旧第534条は「債権者の危険負担」について規定されたものです。この規定は、ある意味大変有名な規定でしたが、特に典型的な例である不動産については、契約に特約をつけてこの規定の適用を排除していることが多いので、適用場面は非常に少ないという規定でした。それだけでなく、この規定の合理性にも疑問があったので、今回の削除になったもの思われます。
危険負担というのは、双務契約の一方の債務が債務者の責めに帰することができない事由によって滅失又は損傷したときに、その損害(危険)をどちらの当事者が負担するのかという問題です。
抽象的では分かりにくいので、具体例に即して説明します。売主をA、買主をBとする家屋の売買契約で、売買契約の成立後、引渡し前に売主A(家屋の引渡し債務の債務者)の責めに帰することができない事由(たとえば地震)によって家屋が滅失したとします。
このような危険負担の問題においては、原則は債務者主義がとられ、債務者(売主A)が損害を負担し、Aは売買代金を受領することができませんが(536条)、先程の事例のように目的物が不動産のような特定物の場合は、例外的に債権者(買主B)が損害を負担し、債権者は売買代金を支払わなければならない、というのが旧法の規定です(債権者主義)。
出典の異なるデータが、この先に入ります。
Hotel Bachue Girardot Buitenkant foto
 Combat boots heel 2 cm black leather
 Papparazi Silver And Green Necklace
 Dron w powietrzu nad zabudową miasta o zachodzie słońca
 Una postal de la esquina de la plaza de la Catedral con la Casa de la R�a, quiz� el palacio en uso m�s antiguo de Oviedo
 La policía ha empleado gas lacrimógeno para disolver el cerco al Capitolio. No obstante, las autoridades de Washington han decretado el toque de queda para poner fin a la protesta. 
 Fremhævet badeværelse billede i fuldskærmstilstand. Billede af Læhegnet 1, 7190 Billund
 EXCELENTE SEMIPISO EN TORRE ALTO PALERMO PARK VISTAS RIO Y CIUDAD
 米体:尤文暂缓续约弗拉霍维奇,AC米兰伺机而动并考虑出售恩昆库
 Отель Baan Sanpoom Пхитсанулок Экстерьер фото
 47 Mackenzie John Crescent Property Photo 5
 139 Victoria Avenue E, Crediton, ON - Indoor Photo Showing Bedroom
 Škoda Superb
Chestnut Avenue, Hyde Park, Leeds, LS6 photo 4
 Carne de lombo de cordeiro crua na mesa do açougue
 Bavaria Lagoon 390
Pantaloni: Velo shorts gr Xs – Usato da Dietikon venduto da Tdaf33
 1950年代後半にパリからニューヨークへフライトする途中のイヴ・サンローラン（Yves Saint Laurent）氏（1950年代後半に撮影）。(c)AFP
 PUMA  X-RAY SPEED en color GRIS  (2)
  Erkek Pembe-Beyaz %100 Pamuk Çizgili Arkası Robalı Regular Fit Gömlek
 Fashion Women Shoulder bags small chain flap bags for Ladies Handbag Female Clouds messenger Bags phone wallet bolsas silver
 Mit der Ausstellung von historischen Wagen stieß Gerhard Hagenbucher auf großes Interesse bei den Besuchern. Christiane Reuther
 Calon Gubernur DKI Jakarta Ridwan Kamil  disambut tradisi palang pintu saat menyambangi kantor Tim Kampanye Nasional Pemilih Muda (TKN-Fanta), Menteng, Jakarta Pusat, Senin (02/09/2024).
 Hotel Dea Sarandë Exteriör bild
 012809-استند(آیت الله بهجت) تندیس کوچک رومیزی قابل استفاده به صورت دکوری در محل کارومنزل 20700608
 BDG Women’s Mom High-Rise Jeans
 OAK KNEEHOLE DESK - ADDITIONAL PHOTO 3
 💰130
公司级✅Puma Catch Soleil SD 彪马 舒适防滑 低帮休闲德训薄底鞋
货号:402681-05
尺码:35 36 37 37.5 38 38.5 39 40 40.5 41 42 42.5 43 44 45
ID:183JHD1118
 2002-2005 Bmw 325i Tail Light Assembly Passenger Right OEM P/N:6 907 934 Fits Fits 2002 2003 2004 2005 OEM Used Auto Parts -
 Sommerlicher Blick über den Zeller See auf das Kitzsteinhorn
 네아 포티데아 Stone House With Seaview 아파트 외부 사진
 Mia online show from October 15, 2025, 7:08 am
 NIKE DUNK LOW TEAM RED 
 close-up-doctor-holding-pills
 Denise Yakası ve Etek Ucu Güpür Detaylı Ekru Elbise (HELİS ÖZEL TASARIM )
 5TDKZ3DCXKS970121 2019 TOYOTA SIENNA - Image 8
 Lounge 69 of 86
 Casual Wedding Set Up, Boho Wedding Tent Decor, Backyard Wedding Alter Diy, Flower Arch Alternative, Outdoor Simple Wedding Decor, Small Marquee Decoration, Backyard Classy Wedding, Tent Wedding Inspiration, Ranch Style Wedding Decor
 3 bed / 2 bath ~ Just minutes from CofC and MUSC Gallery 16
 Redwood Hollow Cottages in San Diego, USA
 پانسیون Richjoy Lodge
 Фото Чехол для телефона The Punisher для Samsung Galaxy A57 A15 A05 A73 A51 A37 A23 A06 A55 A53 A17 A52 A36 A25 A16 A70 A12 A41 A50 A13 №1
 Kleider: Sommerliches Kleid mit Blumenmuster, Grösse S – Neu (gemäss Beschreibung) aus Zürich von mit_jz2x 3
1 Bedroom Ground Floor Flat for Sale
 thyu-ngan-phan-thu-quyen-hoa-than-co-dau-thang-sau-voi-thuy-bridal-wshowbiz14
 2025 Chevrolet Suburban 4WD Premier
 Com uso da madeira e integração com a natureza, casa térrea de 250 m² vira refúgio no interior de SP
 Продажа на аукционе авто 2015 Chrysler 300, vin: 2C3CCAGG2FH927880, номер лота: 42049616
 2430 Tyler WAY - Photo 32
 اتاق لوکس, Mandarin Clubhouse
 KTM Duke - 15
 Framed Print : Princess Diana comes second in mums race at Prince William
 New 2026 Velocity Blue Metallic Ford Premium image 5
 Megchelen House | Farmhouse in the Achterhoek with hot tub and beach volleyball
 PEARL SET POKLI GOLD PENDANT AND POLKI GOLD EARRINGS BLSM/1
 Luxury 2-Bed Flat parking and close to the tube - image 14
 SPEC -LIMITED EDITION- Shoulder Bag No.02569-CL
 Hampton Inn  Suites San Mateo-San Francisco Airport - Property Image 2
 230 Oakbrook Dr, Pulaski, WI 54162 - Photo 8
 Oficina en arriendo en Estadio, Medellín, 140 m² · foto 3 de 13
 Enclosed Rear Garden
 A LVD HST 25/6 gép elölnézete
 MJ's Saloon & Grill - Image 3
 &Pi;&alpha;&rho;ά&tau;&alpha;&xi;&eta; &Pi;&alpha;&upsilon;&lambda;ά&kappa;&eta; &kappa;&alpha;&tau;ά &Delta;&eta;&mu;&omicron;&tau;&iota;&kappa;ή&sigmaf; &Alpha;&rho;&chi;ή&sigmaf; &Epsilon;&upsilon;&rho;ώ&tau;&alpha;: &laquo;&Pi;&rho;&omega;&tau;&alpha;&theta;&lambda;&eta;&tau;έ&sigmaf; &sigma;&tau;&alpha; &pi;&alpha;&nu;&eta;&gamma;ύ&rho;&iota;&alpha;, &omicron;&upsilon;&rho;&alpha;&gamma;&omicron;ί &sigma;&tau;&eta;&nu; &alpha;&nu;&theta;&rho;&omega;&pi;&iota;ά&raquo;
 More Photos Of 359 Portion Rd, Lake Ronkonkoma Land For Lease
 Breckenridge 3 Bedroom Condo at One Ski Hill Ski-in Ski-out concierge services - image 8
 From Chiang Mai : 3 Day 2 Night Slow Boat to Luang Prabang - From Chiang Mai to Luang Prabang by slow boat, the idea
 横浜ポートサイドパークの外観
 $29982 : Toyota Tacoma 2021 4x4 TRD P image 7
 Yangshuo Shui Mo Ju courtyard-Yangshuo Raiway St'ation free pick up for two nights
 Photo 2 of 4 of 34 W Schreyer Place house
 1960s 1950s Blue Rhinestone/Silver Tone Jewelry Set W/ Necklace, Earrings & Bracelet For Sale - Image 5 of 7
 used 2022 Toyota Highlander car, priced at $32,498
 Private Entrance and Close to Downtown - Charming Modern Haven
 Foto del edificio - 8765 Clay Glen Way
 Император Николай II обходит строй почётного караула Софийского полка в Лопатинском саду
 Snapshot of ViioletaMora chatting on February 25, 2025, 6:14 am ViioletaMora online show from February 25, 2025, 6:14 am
しかし、これでは不動産を取得できないのに、売買代金だけ支払わなければならない買主(債権者)に過大なリスクを負わせることになるので不当ではないのかというのが従来から問題になっていました。だからこそ、最初に述べましたように、当事者は契約に特約をつけて、この規定の適用を排除し、買主は売買代金を支払わなくてすむようにしていることが多かったわけです。
そこで、改正法では、この規定を削除し、上記事例のような特定物の場合でも、原則通り債務者主義を採用し、買主は売買代金を支払わなくて済むようにしました。
なお、上記事例は売買契約後、引渡し前に家屋が滅失した事例でしたが、引渡し後に家屋が滅失した場合は、買主は代金の支払(反対給付の履行)を拒めないという規定が新設されています(567条1項)。